Judge Mazzant said the “seemingly benign” CTA marks a “drastic two-fold departure” from the US constitution and established legal precedent.
First, it represents a federal attempt to monitor companies created under state law, and second, it over-rides the anonymity provisions that are embedded into the laws on corporate formation in multiple states.
“Despite attempting to reconcile the CTA with the Constitution at every turn, the government is unable to provide the court with any tenable theory that the CTA falls within Congress’s power,” Mazzant wrote.
“And even in the face of the deference the court must give Congress, the CTA appears likely unconstitutional.”
Accordingly, the CTA is now enjoined and the deadline for compliance with its reporting requirements — January 1, 2025 — is now stayed.
'Onerous' requirements and 'severe' penalties
The CTA is intended to target shell corporations engaged in illicit transactions, but it covers all legal entities with less than $5m in revenue and fewer than 20 employees.
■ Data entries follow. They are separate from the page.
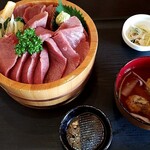 宅配弁当・食堂 たばご屋 - つみれ汁と小鉢!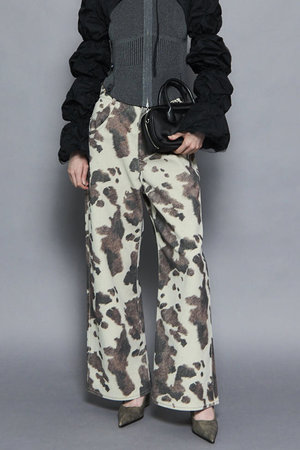 メゾンスペシャル/MAISON SPECIALのfaux Leather Cow Printed Pants/フェイクレザーCOWプリントパンツ(110600/110601)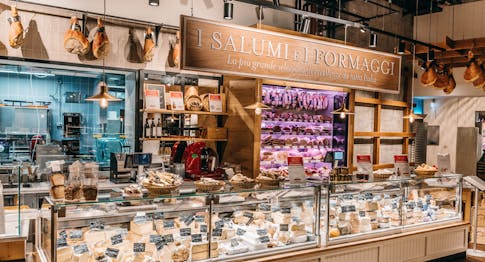 I salumi e i formaggi di Eataly Verona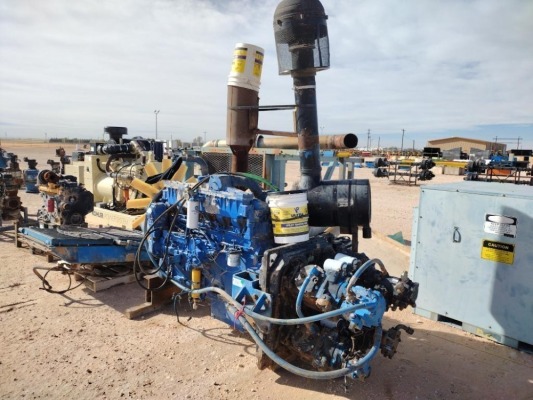 Cat 6 Cyl Diesel Motor w/Hydraulic Pumps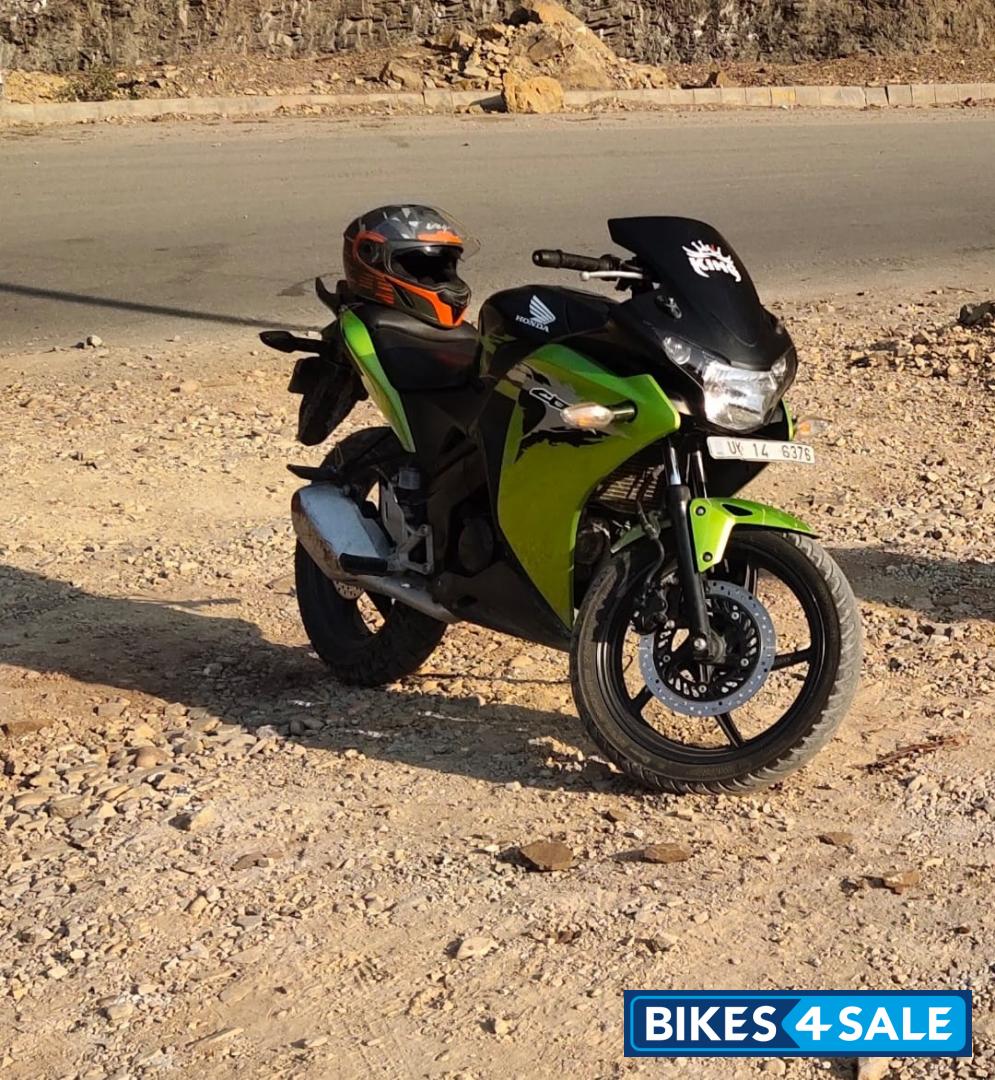 Honda CBR 150R Honda CBR 150R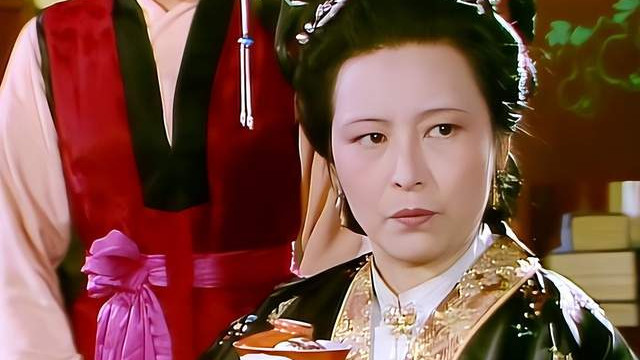 王夫人为何让薛宝钗管家？细听一下就知道了，她的算盘打得震天响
Failure to comply with the reporting requirements can result in fines of more than $590 per day, felony charges and up to two years' imprisonment.
Mazzant described the penalties as “severe”, and sympathised with the plaintiffs’ argument that the compliance costs associated with the reporting requirements constitute a form of “irreparable harm”.
As covered by Vixio, only 10 percent of in-scope companies have so far complied with the reporting requirements, despite submissions having been open since January this year.
In November, more than 40 House Republican lawmakers wrote to the US Treasury to ask for a one-year extension to the compliance deadline for the reporting requirements.
The lawmakers noted that they oppose the CTA in its totality, but limited their demands to a deadline extension.